Women opening up their own businesses without the permission of a male guardian may not be big news in the Western part of the world — but when it comes to ultra-conservative Saudi Arabia, the move is indeed groundbreaking.
“Women can now launch their own businesses and benefit from (governmental) e-services without having to prove consent from a guardian,” the ministry of commerce and investment said on its website.
It also announced the decision on Twitter, in keeping with the spirit of modernity.
“No need for a guardian’s position. Saudi women are free to start their own businesses freely #No_Need,” read the tweet.
Under Saudi Arabia’s guardianship system, women are required to offer proof that they have taken permission from their husband, father or brother to travel, fill out government paperwork or even enroll in classes — let alone starting a business.
However, now a guardian’s approval is not required to notarize documents to found a company. All start-up procedures from now on will be carried out electronically, which do not require any special approvals from men.
Although Saudi women are still constrained by the male-dominated society, Saudi Arabia’s public prosecutor’s office said earlier this month that it would start recruiting women investigators for the very first time.
The Gulf kingdom is also looking to hire 140 women at border crossings and airports, a historic move that, according to the government, drew 107,000 female applicants.
Saudi women used to make up a tiny fraction of the country’s labor force.
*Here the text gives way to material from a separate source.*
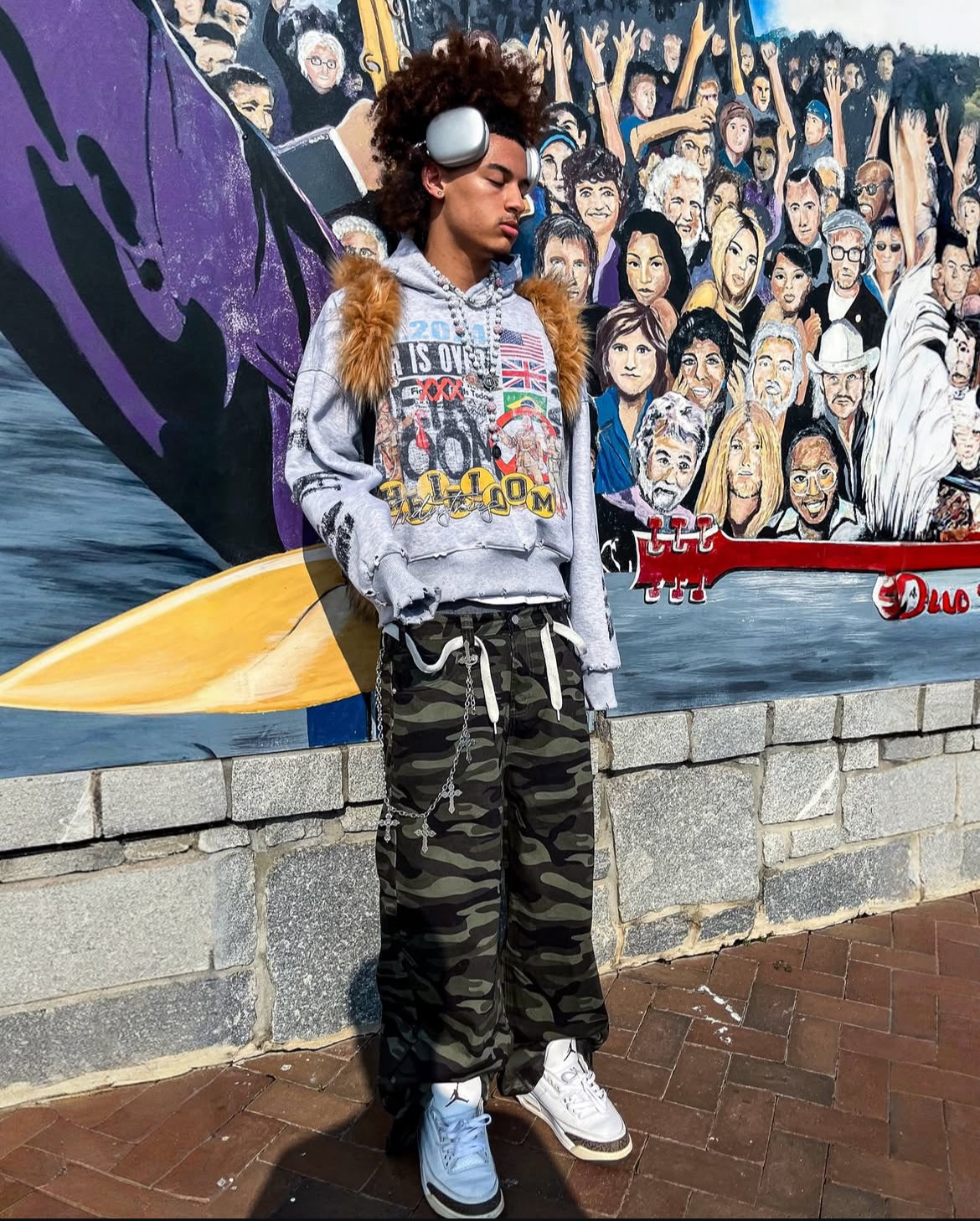 HEIRLOOM "W.A.R." HOODIE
But since the gulf kingdom has started to push for expansion in the private sector, the participation of women is rising fast. In July 2017, Saudi Arabia’s Ministry of Labor and Social Development announced women accounted for 30 percent of the private sector workforce — a hike of 130 percent in the past four years.
The country’s drive towards liberalization is largely credited to Crown Prince Mohammed bin Salman, who is the chief architect behind “Vision 2030” — a program that seeks to elevate the percentage of women in the work force from 22 percent to one-third and pushes for a modern economy that is no longer reliant on oil.